Costello nodded. "Thank you," he said. Hands reached out to slap his back and grab his arms. "Hey, Billy, way to go, and welcome back to Kingston!" called another. Suddenly a second round of cheers broke out near the front door when Victor Valle, Costello's 67-year-old trainer, waded through the assembly while holding aloft Costello's WBC junior welterweight championship belt.

"This belongs to you people right here!" Valle announced, as he followed Costello along the bar. "It's back in Kingston, back right here! He's the world champion! Here, touch it everybody and bring us good luck."

Just four hours earlier, Costello had beaten a fairly steady 12-round tattoo on Saoul Mamby, the 37-year-old former champ, whose courage and guile were appreciated by the 1,500 people packed into Kingston's Midtown Neighborhood Center and by a nationwide CBS-TV audience. It was the 28-year-old Costello's second defense of the 140-pound title he won with a 10th-round TKO of Bruce Curry last Jan. 29, and the $150,000 purse (Mamby got $25,000) amounted to his biggest payday yet. With the $25,000 he got for whipping Curry and the $140,000 he earned for beating Ron Shields in Kingston on July 15, he has already grossed $315,000 in purses this year.

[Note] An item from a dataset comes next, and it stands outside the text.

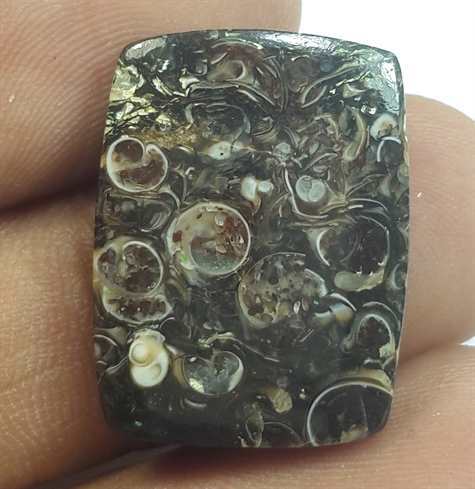 15.10 Carats Turritella Fossil 22.03 x 16.61 x 30.90 mm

"Now I'm making a few coins," Costello says, "and it feels good. It's been worth it. I never had any money. I'm living in Kew Gardens [Queens], but now I'm going to buy me a house outside of Kingston. The land is cheaper here. I might get some land and end up building it myself. I have a lot of friends who are electricians, carpenters, masons. I'll build out in the country. Land is beautiful out there."

That he would one day be making such a bundle and thinking of building his own place out in the country was a thought beyond Costello's dreams as a boy growing up in Kingston. Costello was the second of seven children, four boys and three girls, born to Kingston natives Bill and Dolores. The children were a tossed salad of ethnic types. Bill is Italian; Dolores a mixture of Italian, black and Indian.

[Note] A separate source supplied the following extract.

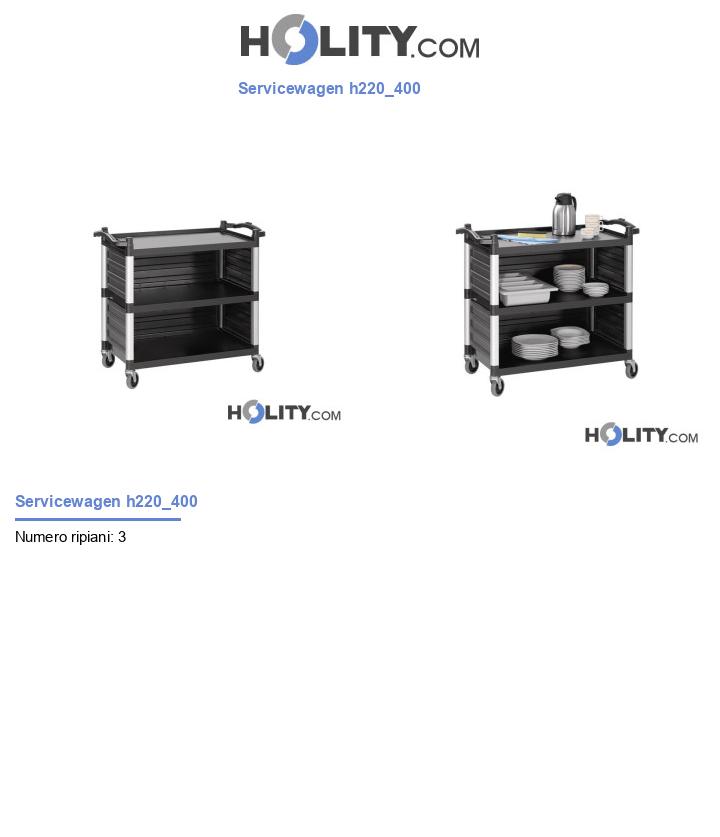 Servicewagen h220_400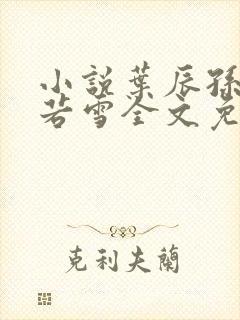 小说叶辰孙怡夏若雪全文免费阅读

"That's why I'm so bad," the younger Bill says, laughing. "I walk the streets, and people think I'm Spanish or this or that. I fought in White Plains [ N.Y.], and they didn't know what color I was. They called me a zebra there."

The Costello family was close—a good thing, because its nine members shared three bedrooms—and had to scrape for food. It wasn't easy. "We ate, but it was rough," Costello says. His mother worked as a private nurse for the elderly, a job she still has. Bill Sr. was mostly self-employed—as a pool shark, card player, crap shooter. "My father is a professional hustler," Bill Jr. says. "A gambler." He's also something of a legend in the Hudson Valley for his skills in playing many games well. He fought in the amateurs, was the star pitcher on a fast-pitch soft-ball team and developed into a surpassing Ping-Pong player. "He can sit in a chair and beat you at Ping-Pong," says another son, Steve. But shooting pool was and is the old man's game. He has traveled the length and breadth of America with a stick in his hand; he has been a father from afar. "You can't name a hundred pool halls in the country that I haven't been in," he says.

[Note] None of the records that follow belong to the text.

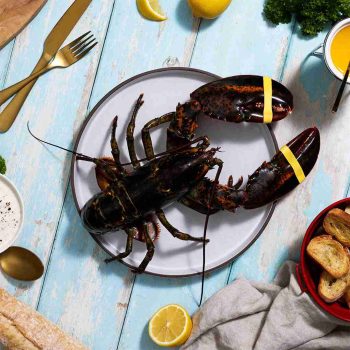 BRAND, CATEGORY, LIVE LOBSTER, MAINE LOBSTER NOW, 1.75 lb Live Maine Lobster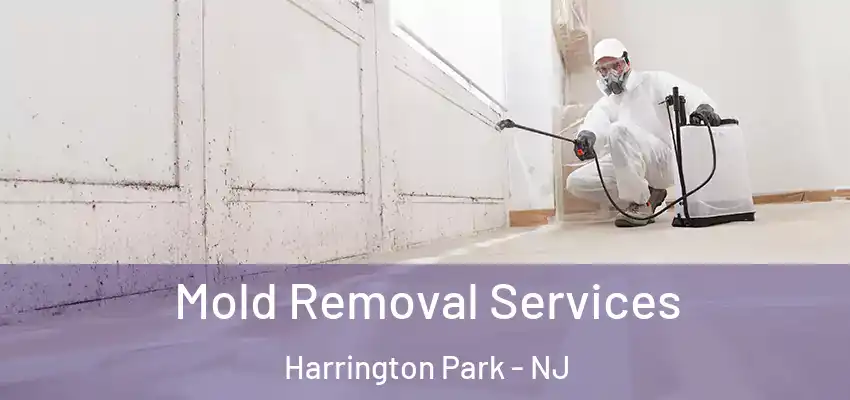  Mold Removal Services Harrington Park - NJ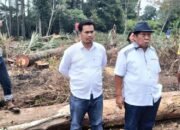 anthon sihombing pertanyakan sp3 kasus pengrusakan lahan pinus di taput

While growing up, Bill Jr. thought only of being a baseball player, a third baseman in the pros. Becoming a boxer never crossed his mind. "I was no street fighter," Costello says. "I used to get beat up all the time. Guys beat me up; girls beat me up. A macho man I'm not. A lover I am." Costello turned to boxing only after his dreams of playing big league baseball vanished when in his senior year he was kicked off the high school baseball team for being part of a plot to steal money from a store. Treated as a youthful offender, he spent three days in jail. "All my life I never wanted to be anything but a baseball player," he says. "It was all up in smoke. I didn't know what I was going to do."